AMR Research says RFID will play a substantial role in the next generation of supply chain execution but the transformation will take time.
Written by Staff , Contributor

More than a bar code replacement

By John Fontanella, Matt Bilodeau and Scott Lundstrom, Special to CNETAsia
June 14, 2004

Don’t paint all Radio Frequency Identification (RFID) projects with the same brush.

The Wal-Mart mandate that its top 100 suppliers attach RFID tags to cases and pallets by 2005 has thrown the entire technology of Automatic Identification (Auto-ID) into the spotlight.


RFID market forecast
















In some ways, it’s a boon for the industry. Data collection technologies like RFID have invariably taken a back seat in interest to their more glamorous high-tech counterparts. But awareness is a double-edged sword, particularly when market perception is shaped by a single, complex, and hugely ambitious undertaking.

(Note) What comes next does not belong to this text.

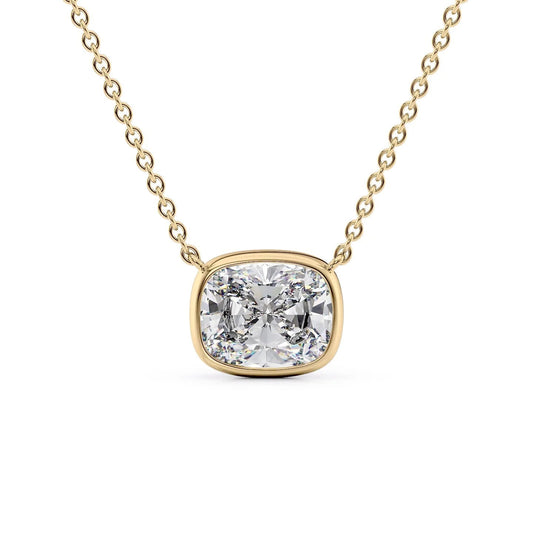 The Amelia. A Yellow Gold Pendant Set With A 2ct Elongated Cushion Lab Grown Diamond. White Background.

Viewing RFID only in the context of an industry-transforming initiative does a disservice to the technology. AMR Research finds that the companies that take a more simplified and focused approach to the use of RFID technology incur much less risk in implementation, receive tangible value, and build capabilities that give them significant differentiation from their competitors.

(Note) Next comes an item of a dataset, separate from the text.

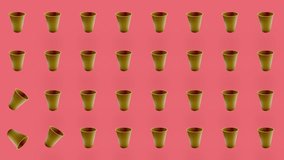 Colorful pattern of paper drinking cups on pink background. Seamless pattern with paper cup. Top view. Realistic animation. 4K video motion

RFID is part of the larger Auto-ID technology family, a growing but constant part of our business and personal lives. Smart cards, automated toll collection devices, and sensors that track the condition of anything from tires to consumer electronics all fall into this category.

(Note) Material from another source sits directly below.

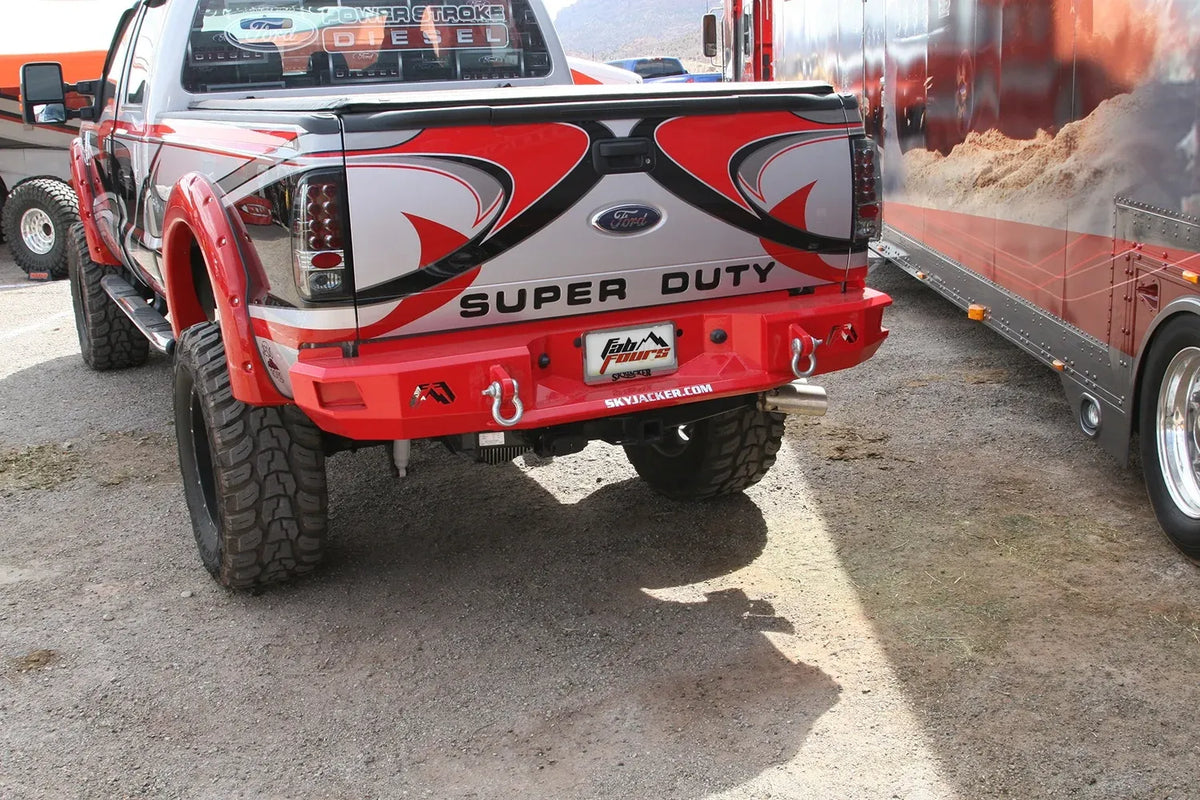 Fab Fours Premium rear bumper in red on a wrapped Ford Super Duty outdoors, rear driver-side three-quarter view, showing the bumper face, D-ring shackles and hitch receiver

The RFID tag itself is a microchip, millimeters thick, with an attached antenna that transmits information to a remote reader. Because radio waves can pass through most solid objects, gathering or disseminating information does not require the tag to be visible. This is a radical departure from other technologies, such as the bar code, and opens a whole new way to view a business process. Tags can be active or passive, meaning that they can broadcast information or just transmit when queried by a reader. They can also be designed to be reused, or serve only as a one-time ID device.

The technology is already quite flexible. Information such as a serial number can be burned into a tag in a one-time operation for the simple purpose of providing identification throughout a process, much like the bar code is used today. Other, more sophisticated uses include using the tag as a mobile database, recording and directing workflow along an assembly line, for instance. The technology can also be used to sense, monitor, and record environmental changes, such as temperature, moisture, and exposure to light. Some of the capabilities of the technology have been used for years while others are newly emerging.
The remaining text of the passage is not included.